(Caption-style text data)
*** Begin section ***
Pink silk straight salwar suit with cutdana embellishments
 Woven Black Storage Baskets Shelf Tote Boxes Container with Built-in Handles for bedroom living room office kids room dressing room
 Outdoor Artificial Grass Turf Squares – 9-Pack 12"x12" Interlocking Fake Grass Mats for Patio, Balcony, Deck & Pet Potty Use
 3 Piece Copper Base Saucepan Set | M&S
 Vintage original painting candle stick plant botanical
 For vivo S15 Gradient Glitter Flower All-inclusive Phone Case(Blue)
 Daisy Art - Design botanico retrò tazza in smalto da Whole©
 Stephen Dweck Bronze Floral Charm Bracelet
*** End section ***
:: Your task ::
Repeat the data word for word, leaving out no line.

:: The answer ::
Pink silk straight salwar suit with cutdana embellishments
 Woven Black Storage Baskets Shelf Tote Boxes Container with Built-in Handles for bedroom living room office kids room dressing room
 Outdoor Artificial Grass Turf Squares – 9-Pack 12"x12" Interlocking Fake Grass Mats for Patio, Balcony, Deck & Pet Potty Use
 3 Piece Copper Base Saucepan Set | M&S
 Vintage original painting candle stick plant botanical
 For vivo S15 Gradient Glitter Flower All-inclusive Phone Case(Blue)
 Daisy Art - Design botanico retrò tazza in smalto da Whole©
 Stephen Dweck Bronze Floral Charm Bracelet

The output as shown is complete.